**EXERCISE AIM**
Below this sentence is a listing; return exactly its lines from the one with "Tuhý WC blok" to the one with "Remplir votre esprit", both kept, and nothing more.
+++ GIVEN RECORDS +++
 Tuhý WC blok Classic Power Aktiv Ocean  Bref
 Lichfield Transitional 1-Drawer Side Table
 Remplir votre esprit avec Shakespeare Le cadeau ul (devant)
+++
+++ GIVEN RECORDS +++
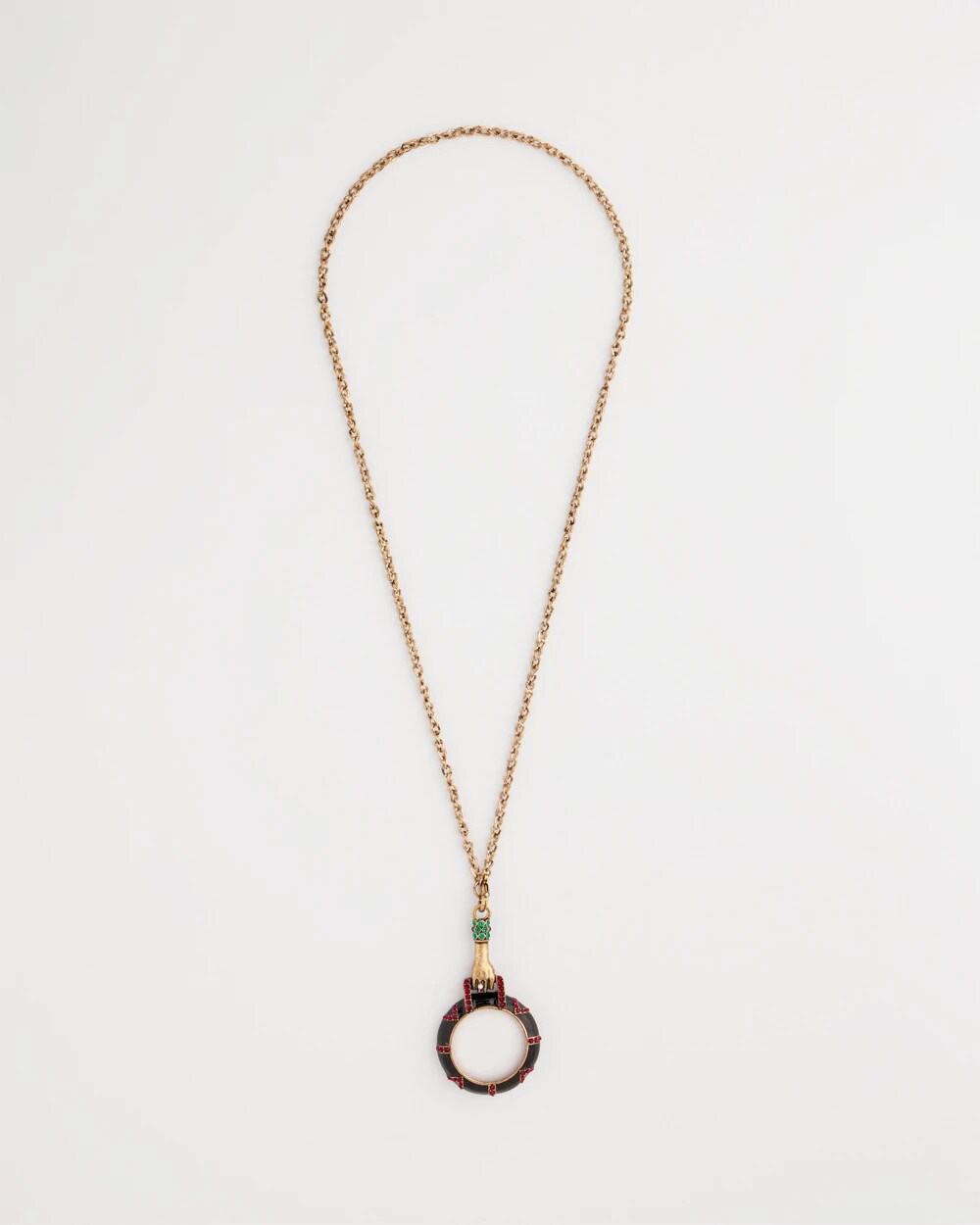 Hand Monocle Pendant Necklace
+++
+++ GIVEN RECORDS +++
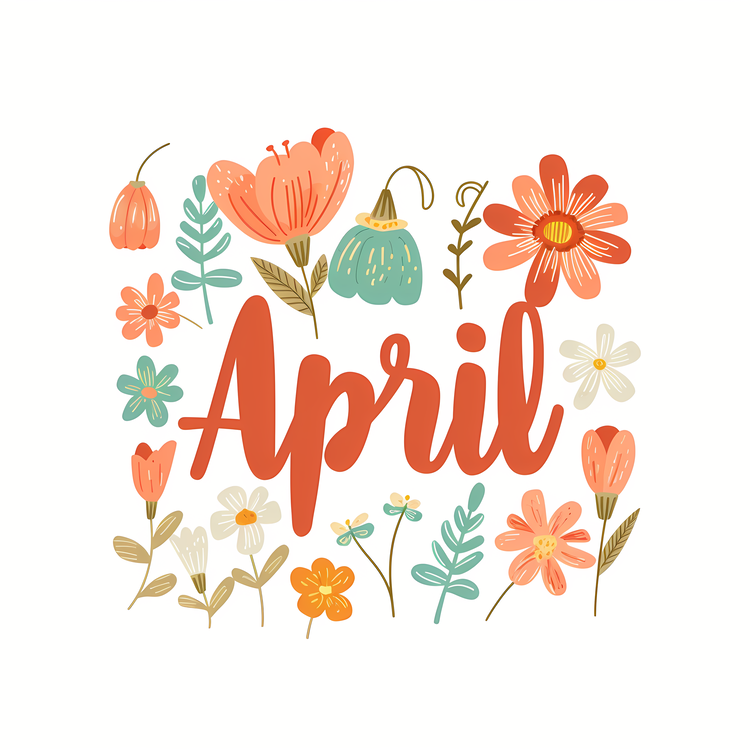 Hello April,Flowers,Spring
+++
**TASK OUTPUT**
 Tuhý WC blok Classic Power Aktiv Ocean  Bref
 Lichfield Transitional 1-Drawer Side Table
 Remplir votre esprit avec Shakespeare Le cadeau ul (devant)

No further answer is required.